_WORK ORDER_. Word for word, output the data, with none of its pictures.

_THE DATA_.
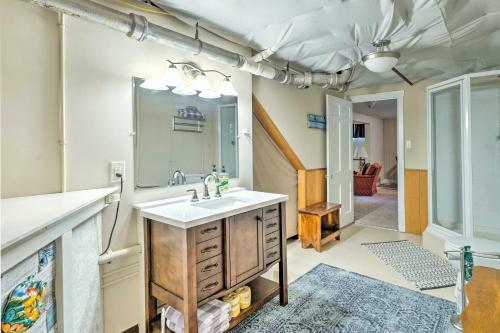 Hutchinson Apartment, Near Kansas Fairgrounds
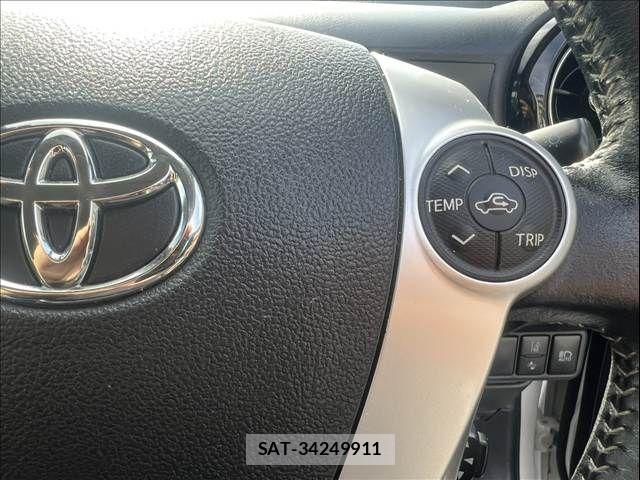 Toyota AQUA 2016-09 8561135-23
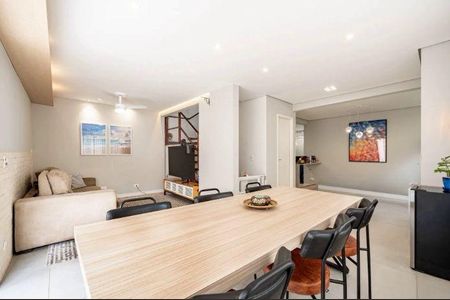 Casa à venda com 160m², 3 quartos e 2 vagas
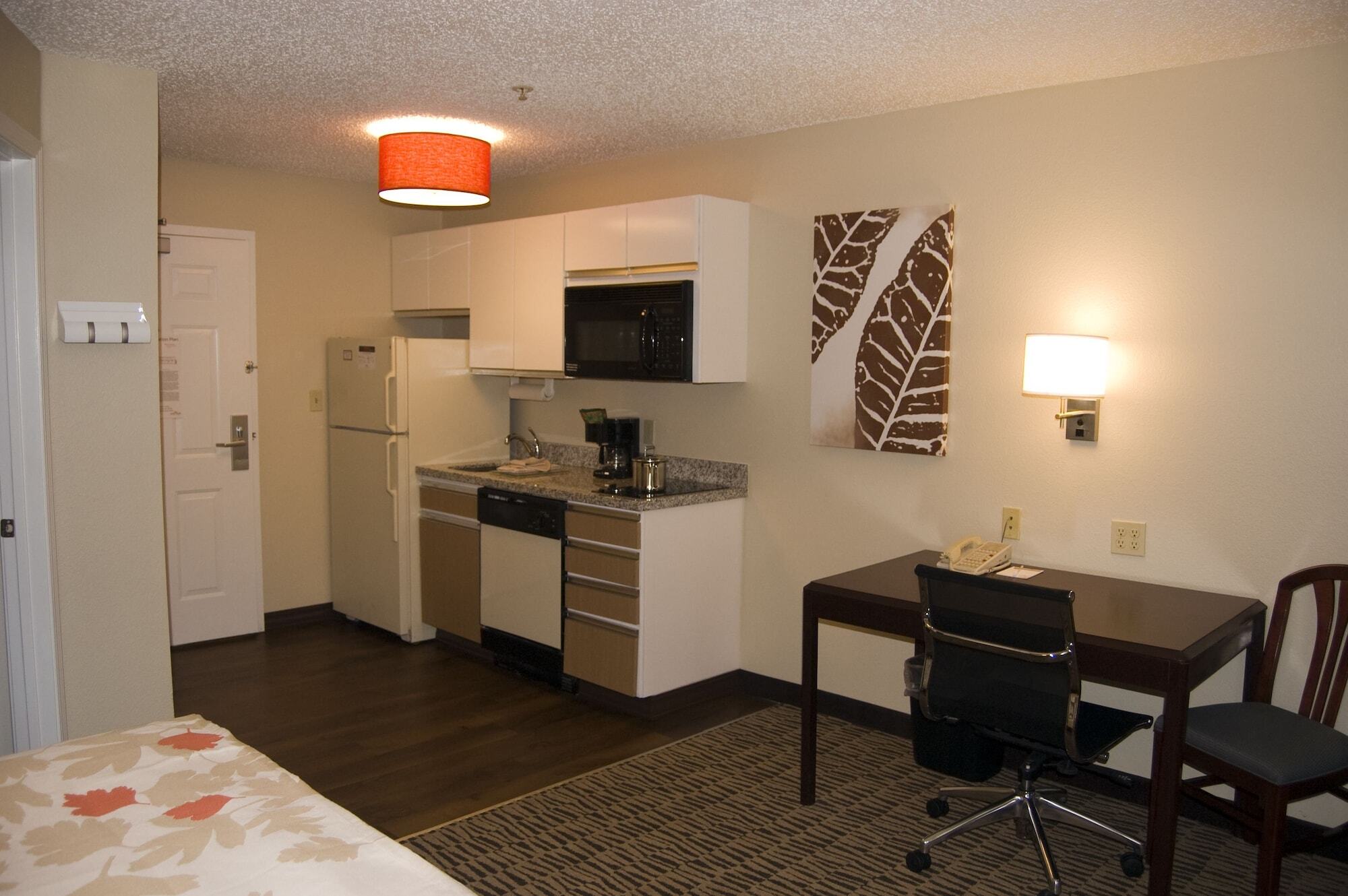 Mainstay Suites Northbrook Wheeling Exteriör bild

_EXPECTED ANSWER_.
 Hutchinson Apartment, Near Kansas Fairgrounds
 Toyota AQUA 2016-09 8561135-23
 Casa à venda com 160m², 3 quartos e 2 vagas
 Mainstay Suites Northbrook Wheeling Exteriör bild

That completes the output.